RE: How to handle zookeeper data inconsistency

Posted by Mohammad arshad <mo...@huawei.com>.

Thanks for Flavio Junqueira for your response.

assume C received the commit request but before committing it failed, When C will be synced? What event will at leader or follower will synch it up.

Here is another scenario we faced.
Node got deleted successfully in leader node B. But due to network issue in Master node, the delete could not sync up to follower A and C.  At this moment, Leader node also goes down as faulty. 

Now one of the A and C becomes leader but it has inconsistent data. ( delete is not executed here)

As I know, This behavior is fine as per current ZK design. But to solve above data inconsistency issue, any suggestions ? I thought to commit the delete not only in leader but to at least in N/2 nodes in the same client call and then only mark delete as successful

Any suggestions ?

Best Regards
Mohammad Arshad

-----Original Message-----
From: Flavio Junqueira [mailto:fpj@apache.org] 
Sent: 21 January 2016 19:11
To: user@zookeeper.apache.org
Cc: dev
Subject: Re: How to handle zookeeper data inconsistency

Hi Mohammad,

A delete operation only needs to reach a quorum to complete and A B form a quorum in your 3-server ensemble. If the delete operation never gets propagated to C and other write operations that have been ordered later complete on C, then you have an issue. If C simply stops receiving updates, then you have a problem with your C server and it could be a problem with ZK or just the environment.

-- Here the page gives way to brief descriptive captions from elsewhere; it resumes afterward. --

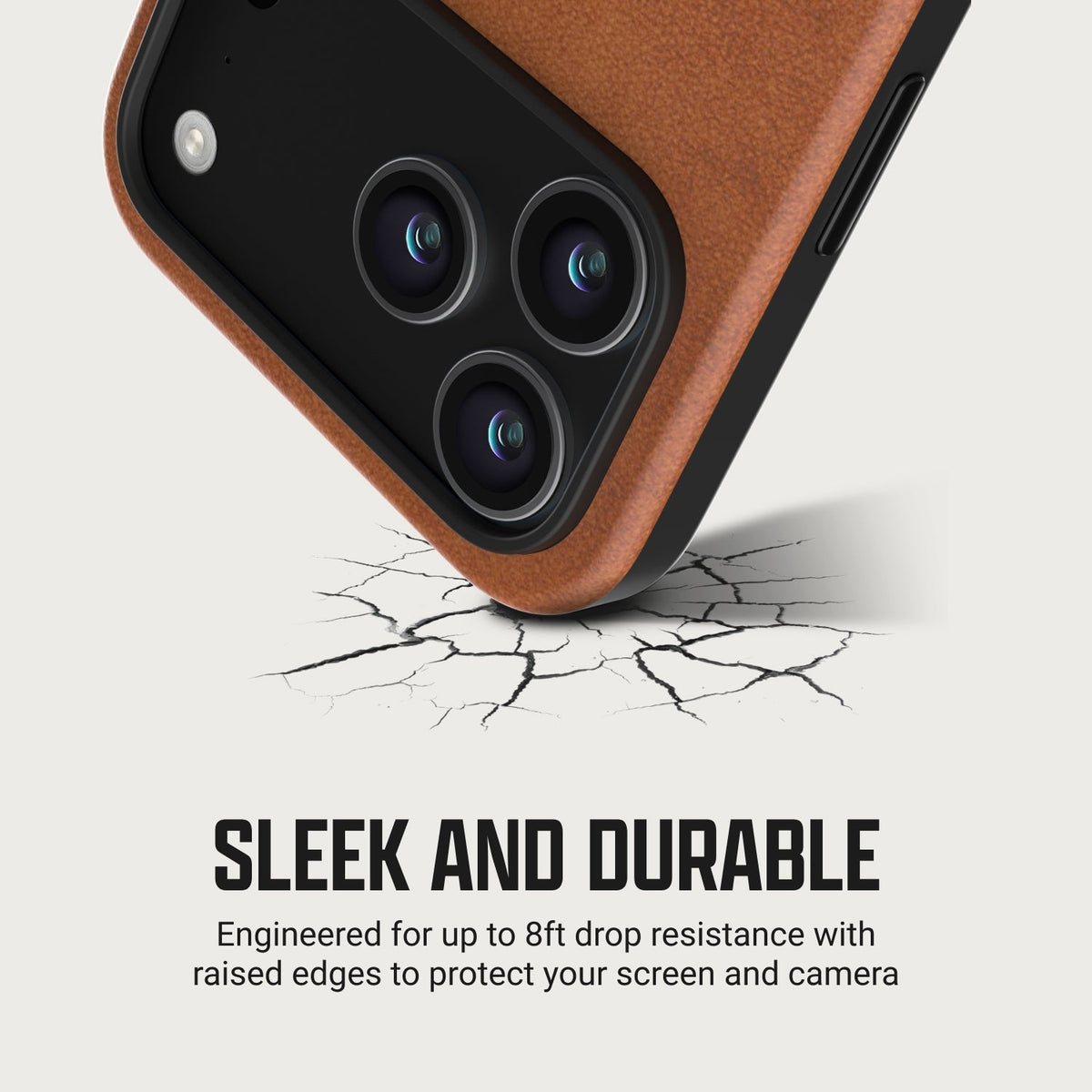 Ridge Everyday Charging Kit - iPhone 18 Pro - Tobacco Brown Leather — case infographic 2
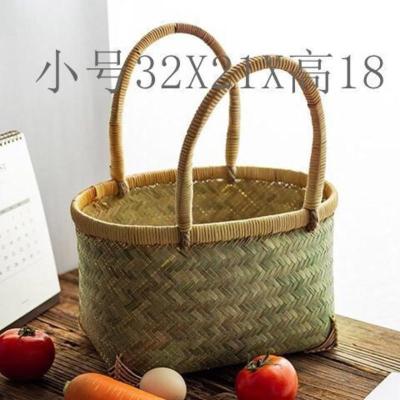 小号32X21X高18 竹编手提买菜篮子环保竹提篮手工编竹篮提手厨房竹篮外出购物篮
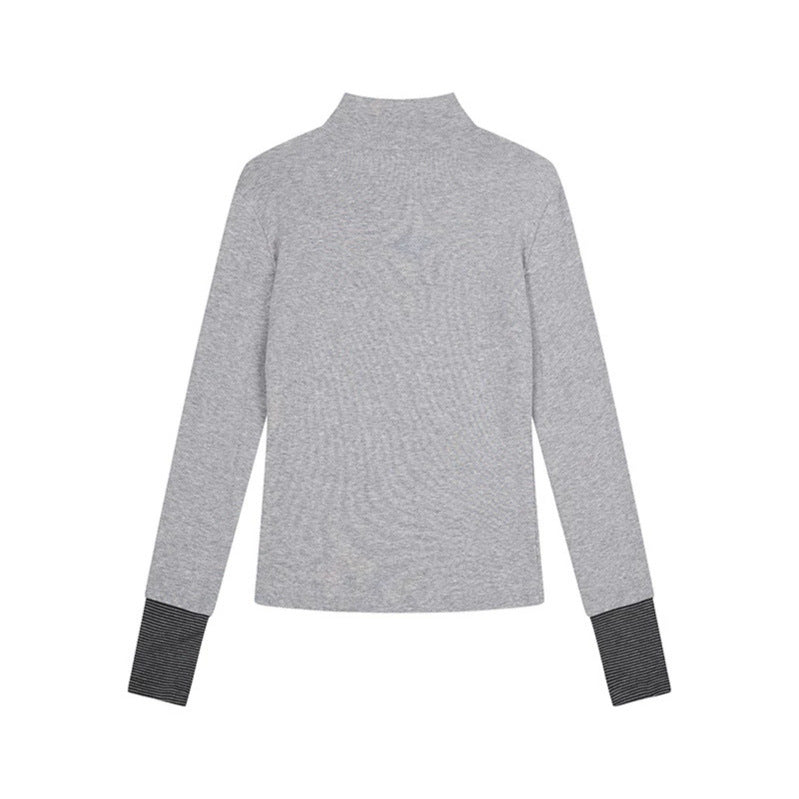 Damen Langarm-Poloshirt mit Stehkragen, Knopfleiste und Noten-Print Drune
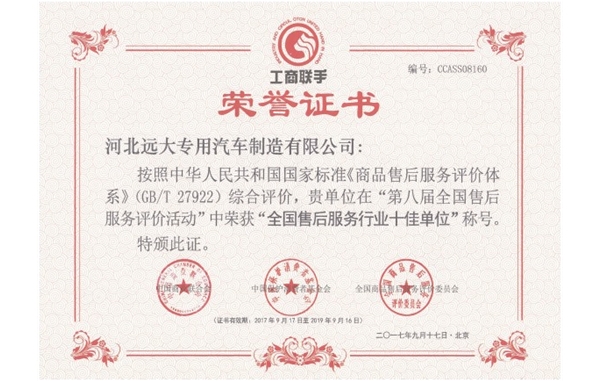 全国售后服务十佳单位
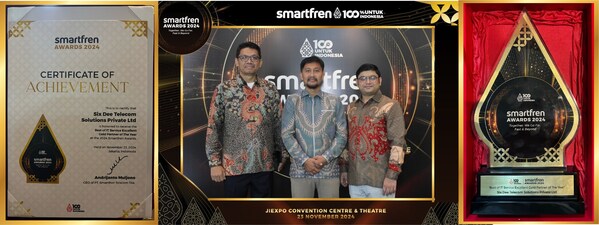 6D Technologies honored as the 'Best of IT Service Excellent Gold Partner of the Year' at the Smartfren Awards 2024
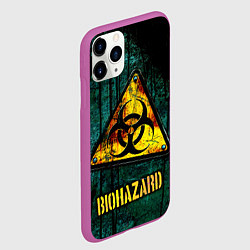 Чехол iPhone 11 Pro матовый Biohazard yellow sign, цвет: 3D-фиолетовый — фото 2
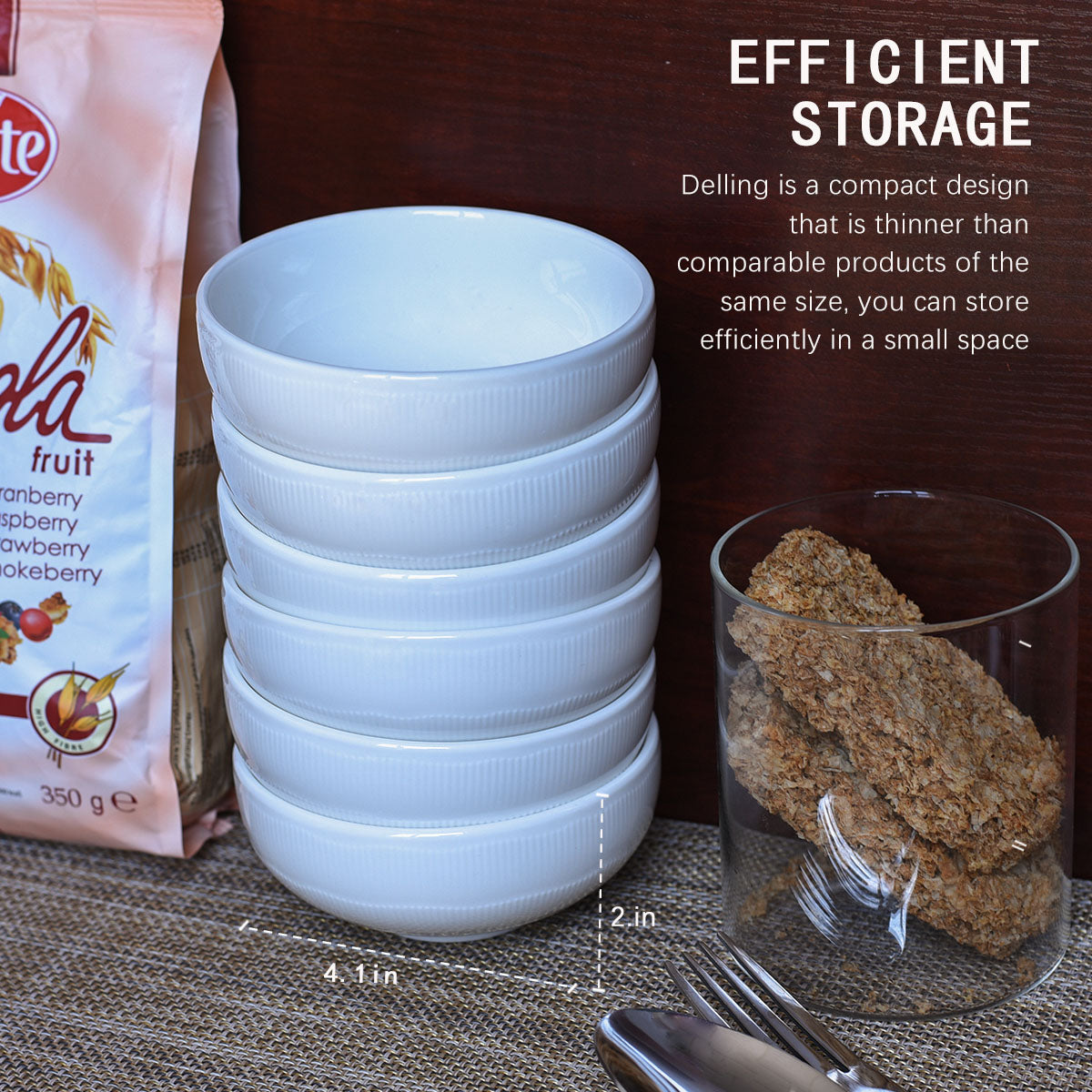 Delling 10 Oz Non-Slip Ultra-Durable Porcelain Bowls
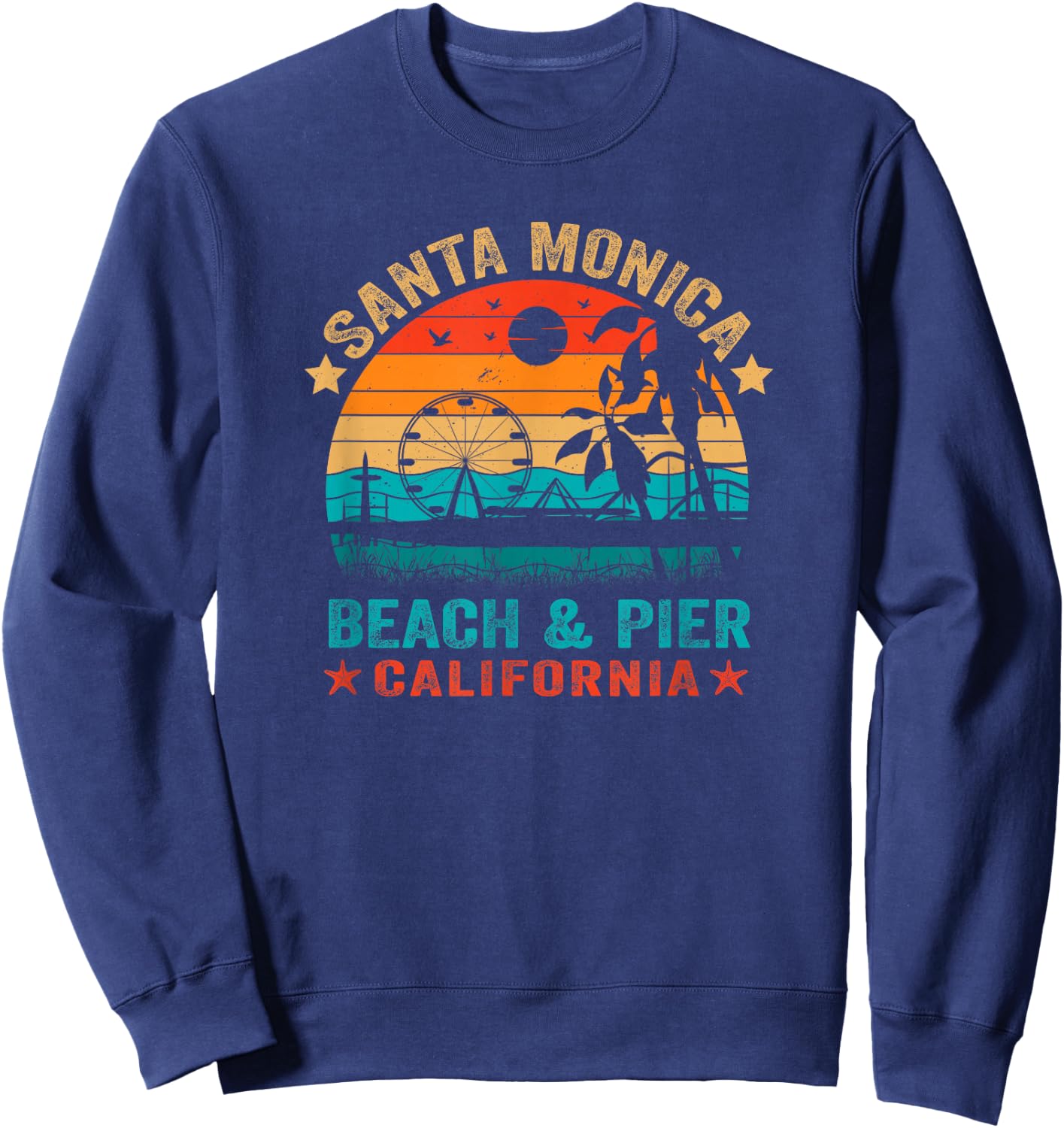 Santa Monica California USA Retro Beach Pier Ocean Sunset Sweatshirt - Sweatshirt | Navy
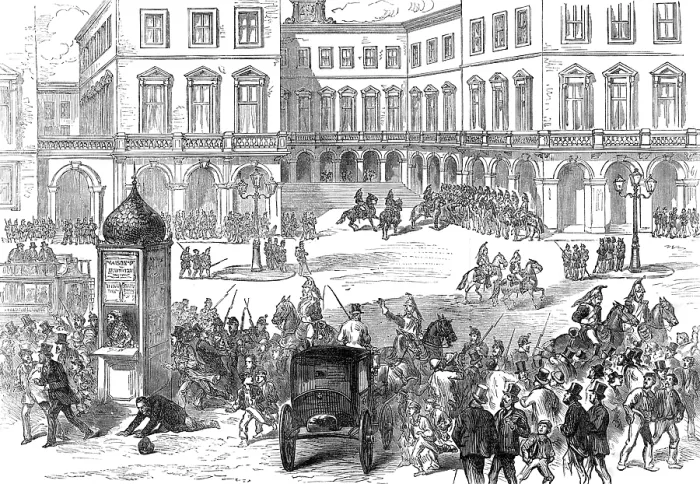 Framed Print : Paris Municipal Guard dispersing the crowd at the St. Lazare Railway Station, 1874. Creator: Unknown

If there has been write operations ordered after the delete and server C has seen those but not the delete, then I'd recommend that you have a look the txn logs with the log formatter.

> shall I check exists from leader only? but even leader can have some 
> node undeleted in the above scenario

There is no such a requirement, but you need to be aware that server C could definitely make an update visible later compared to other servers. ZooKeeper doesn't guarantee that updates are visible to all clients as soon as they are acknowledged.

I'd also search for jiras, especially if you're deleting an ephemeral. 

-Flavio

> On 21 Jan 2016, at 13:24, Mohammad arshad <mo...@huawei.com> wrote:
> 
> Hi All,
> I came across a scenario where zookeeper was left in inconsistent 
> state(but that is valid as per the zookeeper theory) and because of 
> that dependent application's behaved wrongly The scenario is as follow
> 
> 1) I have three server Zookeeper cluster, let's say servers are A, B 
> and C. B is the leader
> 2) In one successful delete operation, a znode znode1 was deleted from A and B but somehow not deleted from C. The reason for not deleted from C can be either proposal or commit failed.
> 3) Now for application, which is connected to C, ZooKeeper.exists  
> returns the znod1 and that is why application enters into node exists 
> flow which is wrong
> 
> shall I check exists from leader only? but even leader can have some 
> node undeleted in the above scenario Any guideline to handle the above said valid data inconsistency ??
> 
> Any suggestion/help is highly appreciated.
> 
> Best Regards
> Mohammad Arshad
> HUAWEI TECHNOLOGIES CO.LTD.
> Huawei Tecnologies India Pvt. Ltd.
> Near EPIP Industrial Area, Kundalahalli Village Whitefield, 
> Bangalore-560066 www.huawei.com<http://www.huawei.com/>
> ----------------------------------------------------------------------
> -------------------------------------------
> This e-mail and its attachments contain confidential information from 
> HUAWEI, which is intended only for the person or entity whose address 
> is listed above. Any use of the information contained herein in any 
> way (including, but not limited to, total or partial disclosure, 
> reproduction, or dissemination) by persons other than the intended
> recipient(s) is prohibited. If you receive this e-mail in error, 
> please notify the sender by phone or email immediately and delete it!
>

RE: How to handle zookeeper data inconsistency

Posted by Mohammad arshad <mo...@huawei.com>.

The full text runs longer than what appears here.